Archives for 2008

Spreadsheet file format performance

2008/05/13 By Rob 19 Comments

I’ve been doing some performance timings of file format support, comparing MS Office and OpenOffice. Most of the results are as expected, but some are surprising, and one in particular is quite disappointing.

But first, a little details of my setup. All timings, done by stopwatch, were from Office 2003 and OpenOffice 2.4.0 running on Windows XP, with all current service packs and patches. The machine is a Lenova T60p, dual-core Intel 2.16 Ghz and 2 GB of RAM. I took all the standard precautions — disk was defragmented, and test files were confirmed as defragmented using contig. No other applications were running and background tasks were all shut down.

For test files, I went back to an old favorite, George Ou’s (at the time with ZDNet) monster 50MB XLS file from his series of tests back in 2005. This file, although very large, is very simple. There are no formulas, indeed no formatting or styles.
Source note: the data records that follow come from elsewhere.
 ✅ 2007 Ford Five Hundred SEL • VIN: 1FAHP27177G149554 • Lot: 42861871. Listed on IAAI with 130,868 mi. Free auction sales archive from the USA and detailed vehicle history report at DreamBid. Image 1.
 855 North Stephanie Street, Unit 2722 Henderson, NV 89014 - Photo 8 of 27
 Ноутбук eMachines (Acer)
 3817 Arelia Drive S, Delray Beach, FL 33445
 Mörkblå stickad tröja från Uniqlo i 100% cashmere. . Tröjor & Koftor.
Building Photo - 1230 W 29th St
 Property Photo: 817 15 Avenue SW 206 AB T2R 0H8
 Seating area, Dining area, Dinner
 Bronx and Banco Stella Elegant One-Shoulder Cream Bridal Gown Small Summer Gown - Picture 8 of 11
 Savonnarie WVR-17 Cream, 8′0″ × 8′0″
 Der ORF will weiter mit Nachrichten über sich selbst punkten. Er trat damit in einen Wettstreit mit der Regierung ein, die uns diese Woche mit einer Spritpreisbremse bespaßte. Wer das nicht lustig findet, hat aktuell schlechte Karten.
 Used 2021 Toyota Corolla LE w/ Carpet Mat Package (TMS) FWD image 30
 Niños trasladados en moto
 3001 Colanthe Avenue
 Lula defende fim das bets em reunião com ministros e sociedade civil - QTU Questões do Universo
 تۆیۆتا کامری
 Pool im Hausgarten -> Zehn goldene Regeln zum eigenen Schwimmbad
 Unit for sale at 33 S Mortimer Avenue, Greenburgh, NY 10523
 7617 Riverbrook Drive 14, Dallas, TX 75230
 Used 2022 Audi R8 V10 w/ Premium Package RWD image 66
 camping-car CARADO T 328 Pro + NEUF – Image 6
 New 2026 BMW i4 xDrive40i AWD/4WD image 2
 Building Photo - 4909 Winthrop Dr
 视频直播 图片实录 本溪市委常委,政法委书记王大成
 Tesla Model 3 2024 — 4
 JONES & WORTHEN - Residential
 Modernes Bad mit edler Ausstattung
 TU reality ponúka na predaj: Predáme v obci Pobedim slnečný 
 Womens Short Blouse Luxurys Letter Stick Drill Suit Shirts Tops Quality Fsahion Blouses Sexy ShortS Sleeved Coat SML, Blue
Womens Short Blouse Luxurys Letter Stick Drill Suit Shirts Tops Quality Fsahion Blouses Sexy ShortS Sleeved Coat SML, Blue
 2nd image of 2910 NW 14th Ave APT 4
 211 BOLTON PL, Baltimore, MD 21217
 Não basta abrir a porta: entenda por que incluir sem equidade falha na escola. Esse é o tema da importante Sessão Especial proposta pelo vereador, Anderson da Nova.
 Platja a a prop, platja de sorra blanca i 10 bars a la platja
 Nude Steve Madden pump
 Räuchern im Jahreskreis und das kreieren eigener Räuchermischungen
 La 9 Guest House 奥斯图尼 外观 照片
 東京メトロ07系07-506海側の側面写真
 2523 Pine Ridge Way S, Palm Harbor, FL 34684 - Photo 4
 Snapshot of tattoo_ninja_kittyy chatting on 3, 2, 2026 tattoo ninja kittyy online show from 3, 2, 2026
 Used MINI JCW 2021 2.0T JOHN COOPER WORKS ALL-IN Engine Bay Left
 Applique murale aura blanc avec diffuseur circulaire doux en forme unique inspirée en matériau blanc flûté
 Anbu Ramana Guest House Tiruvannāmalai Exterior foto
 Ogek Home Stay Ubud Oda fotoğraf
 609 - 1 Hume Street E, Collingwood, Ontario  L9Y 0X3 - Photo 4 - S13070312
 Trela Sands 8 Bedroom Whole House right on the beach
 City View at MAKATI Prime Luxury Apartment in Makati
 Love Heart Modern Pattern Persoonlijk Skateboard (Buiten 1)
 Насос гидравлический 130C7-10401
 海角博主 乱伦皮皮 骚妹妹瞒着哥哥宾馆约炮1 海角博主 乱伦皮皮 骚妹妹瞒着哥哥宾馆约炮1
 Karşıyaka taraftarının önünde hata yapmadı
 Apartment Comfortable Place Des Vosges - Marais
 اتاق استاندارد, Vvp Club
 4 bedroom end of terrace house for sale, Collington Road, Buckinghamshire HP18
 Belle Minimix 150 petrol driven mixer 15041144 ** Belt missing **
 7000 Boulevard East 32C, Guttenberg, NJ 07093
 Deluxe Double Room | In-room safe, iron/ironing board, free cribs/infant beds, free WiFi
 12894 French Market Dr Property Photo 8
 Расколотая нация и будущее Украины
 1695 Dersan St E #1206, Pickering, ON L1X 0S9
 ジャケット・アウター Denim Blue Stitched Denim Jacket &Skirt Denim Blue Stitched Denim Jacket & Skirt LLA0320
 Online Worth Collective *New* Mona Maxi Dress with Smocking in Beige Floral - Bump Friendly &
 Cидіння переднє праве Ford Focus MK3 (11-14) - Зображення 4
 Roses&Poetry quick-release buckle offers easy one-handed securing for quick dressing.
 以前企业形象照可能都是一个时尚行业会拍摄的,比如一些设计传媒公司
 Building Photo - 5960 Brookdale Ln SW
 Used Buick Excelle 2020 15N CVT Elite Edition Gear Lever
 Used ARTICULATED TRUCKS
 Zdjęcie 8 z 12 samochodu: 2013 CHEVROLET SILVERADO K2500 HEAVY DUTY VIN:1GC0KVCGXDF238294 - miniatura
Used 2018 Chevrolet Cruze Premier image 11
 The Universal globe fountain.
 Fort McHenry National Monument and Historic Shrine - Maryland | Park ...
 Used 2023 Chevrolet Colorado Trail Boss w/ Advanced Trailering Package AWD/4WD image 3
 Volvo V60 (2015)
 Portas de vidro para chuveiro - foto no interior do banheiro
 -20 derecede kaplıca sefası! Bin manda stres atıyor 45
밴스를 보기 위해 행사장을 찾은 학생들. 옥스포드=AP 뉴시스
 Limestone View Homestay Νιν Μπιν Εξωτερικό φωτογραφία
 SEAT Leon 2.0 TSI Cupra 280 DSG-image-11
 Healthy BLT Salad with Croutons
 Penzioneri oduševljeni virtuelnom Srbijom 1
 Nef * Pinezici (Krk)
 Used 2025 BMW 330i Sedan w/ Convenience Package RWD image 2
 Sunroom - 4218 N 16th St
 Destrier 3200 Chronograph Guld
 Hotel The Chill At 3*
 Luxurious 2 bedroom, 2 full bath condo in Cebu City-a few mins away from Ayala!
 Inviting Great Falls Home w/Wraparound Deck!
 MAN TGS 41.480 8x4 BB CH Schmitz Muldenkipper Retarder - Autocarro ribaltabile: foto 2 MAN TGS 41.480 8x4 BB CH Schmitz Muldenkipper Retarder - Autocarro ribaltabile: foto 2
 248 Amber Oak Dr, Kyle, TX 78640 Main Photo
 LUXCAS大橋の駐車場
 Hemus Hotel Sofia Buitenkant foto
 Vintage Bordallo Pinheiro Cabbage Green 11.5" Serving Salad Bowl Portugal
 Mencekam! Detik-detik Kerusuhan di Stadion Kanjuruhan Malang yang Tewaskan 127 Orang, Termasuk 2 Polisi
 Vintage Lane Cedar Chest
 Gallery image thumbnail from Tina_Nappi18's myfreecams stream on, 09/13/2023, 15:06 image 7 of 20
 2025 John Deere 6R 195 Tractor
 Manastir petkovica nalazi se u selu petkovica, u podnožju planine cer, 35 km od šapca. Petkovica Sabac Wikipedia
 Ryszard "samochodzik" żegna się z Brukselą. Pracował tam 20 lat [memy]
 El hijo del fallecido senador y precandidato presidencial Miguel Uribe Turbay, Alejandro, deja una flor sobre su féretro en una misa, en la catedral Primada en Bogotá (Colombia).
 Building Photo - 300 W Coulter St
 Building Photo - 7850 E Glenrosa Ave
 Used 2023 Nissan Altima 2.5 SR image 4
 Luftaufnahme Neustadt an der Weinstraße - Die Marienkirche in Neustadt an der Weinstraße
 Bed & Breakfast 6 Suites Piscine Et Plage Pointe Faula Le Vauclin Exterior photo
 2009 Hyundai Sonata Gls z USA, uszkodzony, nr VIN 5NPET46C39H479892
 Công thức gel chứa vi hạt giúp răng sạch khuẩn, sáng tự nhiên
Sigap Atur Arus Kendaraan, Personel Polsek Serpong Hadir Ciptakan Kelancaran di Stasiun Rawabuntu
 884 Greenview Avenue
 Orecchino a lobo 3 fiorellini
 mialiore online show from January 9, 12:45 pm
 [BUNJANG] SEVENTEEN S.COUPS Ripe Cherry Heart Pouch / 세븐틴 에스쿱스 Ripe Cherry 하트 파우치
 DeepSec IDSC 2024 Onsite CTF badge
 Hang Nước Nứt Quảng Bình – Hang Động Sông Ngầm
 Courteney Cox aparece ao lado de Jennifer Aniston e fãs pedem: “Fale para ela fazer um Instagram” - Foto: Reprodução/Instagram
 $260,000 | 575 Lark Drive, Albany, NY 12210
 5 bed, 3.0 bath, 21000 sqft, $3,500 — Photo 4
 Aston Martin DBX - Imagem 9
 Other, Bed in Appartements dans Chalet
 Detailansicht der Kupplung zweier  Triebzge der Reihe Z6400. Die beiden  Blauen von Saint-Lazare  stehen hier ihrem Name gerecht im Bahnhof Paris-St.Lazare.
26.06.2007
It is just text and numbers, treating a spreadsheet like a giant data table. So tests of this file will emphasize the raw throughput of the applications. Real world spreadsheets will typically be worse than this due to additional overhead from process styles, formulas, etc.

A test of a single file is not really that interesting. We want to see trends, see patterns. So I made a set of variations on George’s original file, converting it into ODF, XLS and OOXML formats, as well as making scaled down versions of it. In total I made 12 different sized subsets of the original file, ranging down to a 437KB version, and created each file in all three formats. I then tested how long it took to load each file in each of the applications. In the case of MS Office, I installed the current versions of the translators for those formats, the Compatibility Pack for OOXML, and the ODF Add-in for the ODF support.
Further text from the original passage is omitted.